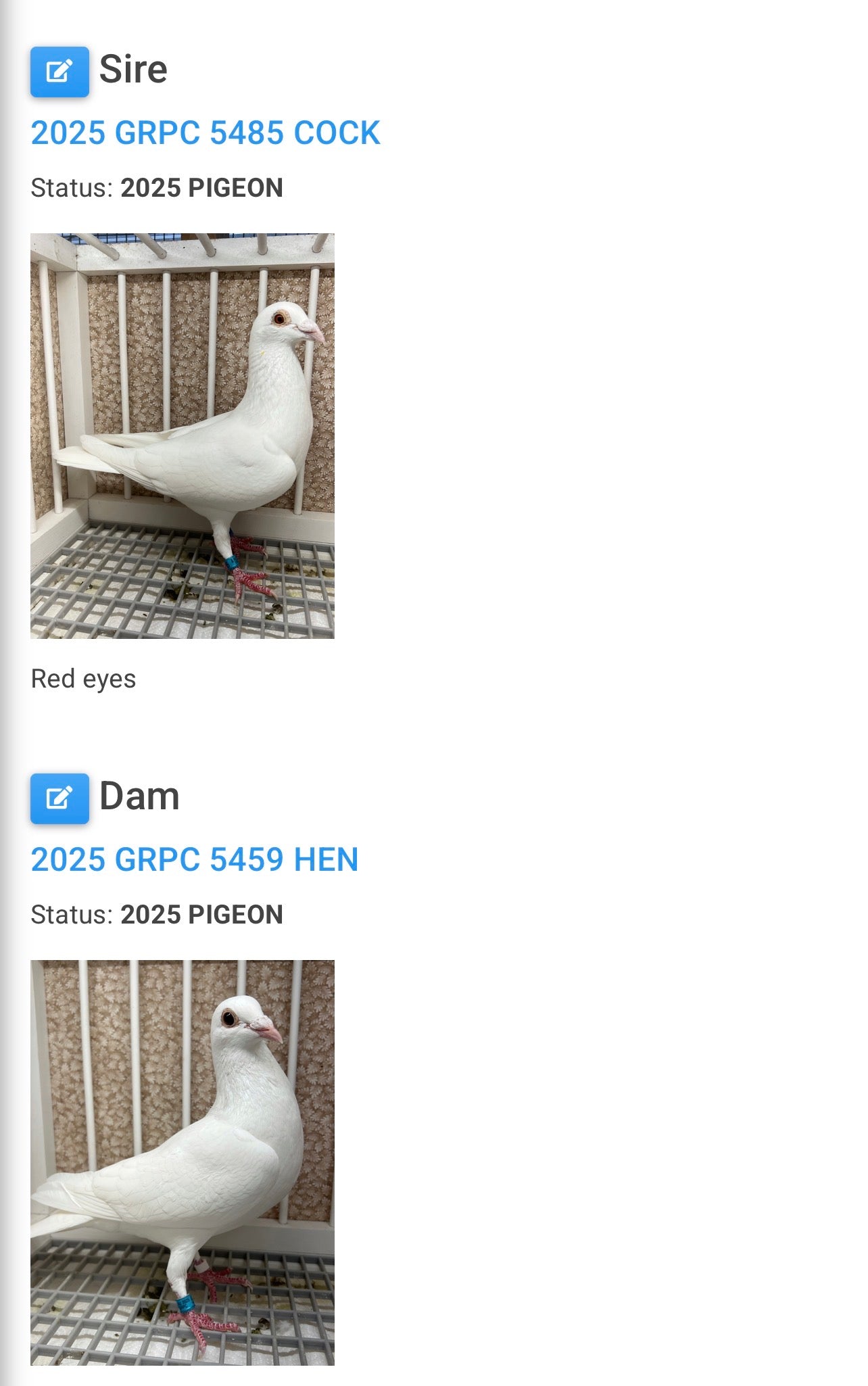 2026 Rocky Ridge White Pigeon (8690)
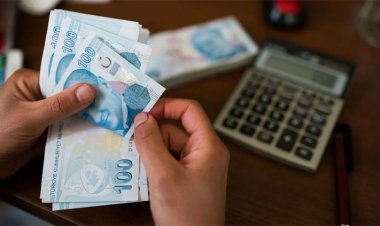 Nebati: KKM'de yenileme oranı yüzde 70
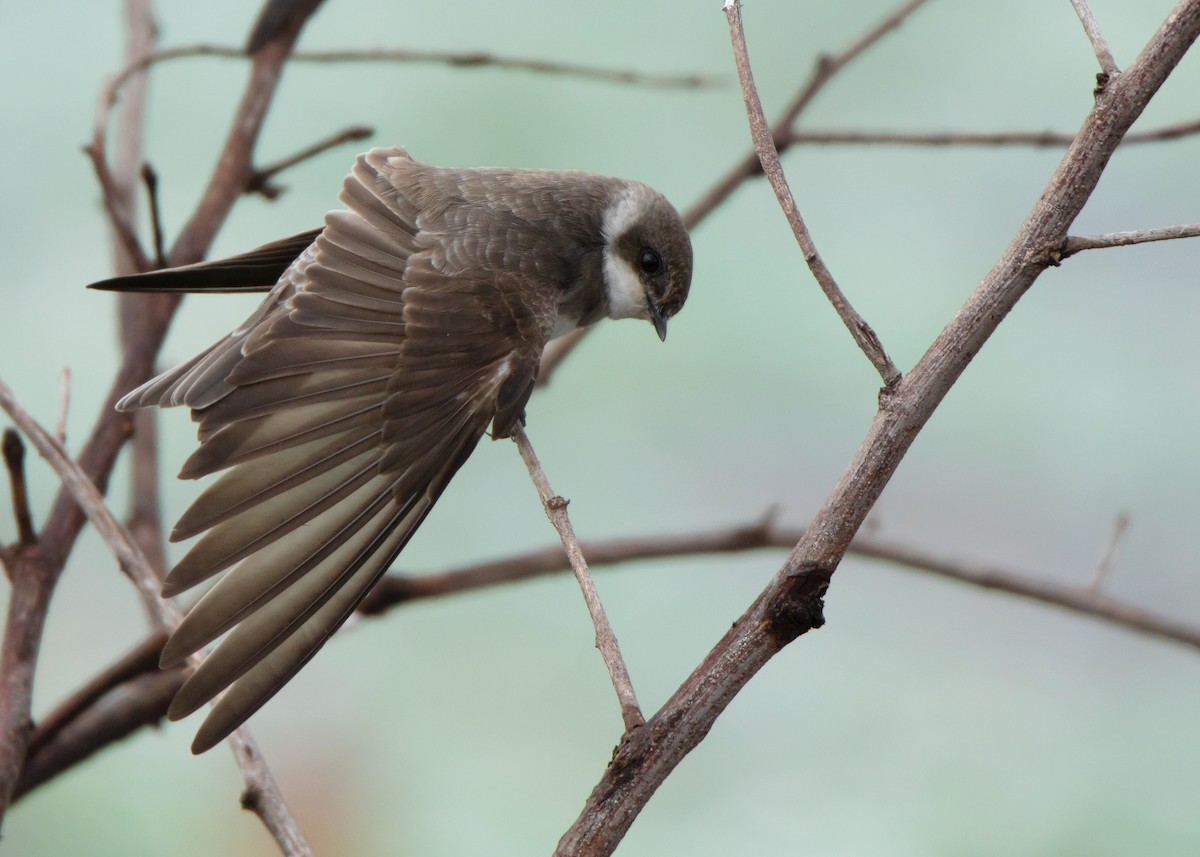 Bank Swallow - ML487026921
--
▶ **Problem**
Please retype the whole of the data precisely, omitting pictures.

▶ **The completed task**
 2026 Rocky Ridge White Pigeon (8690)
 Nebati: KKM'de yenileme oranı yüzde 70
 Bank Swallow - ML487026921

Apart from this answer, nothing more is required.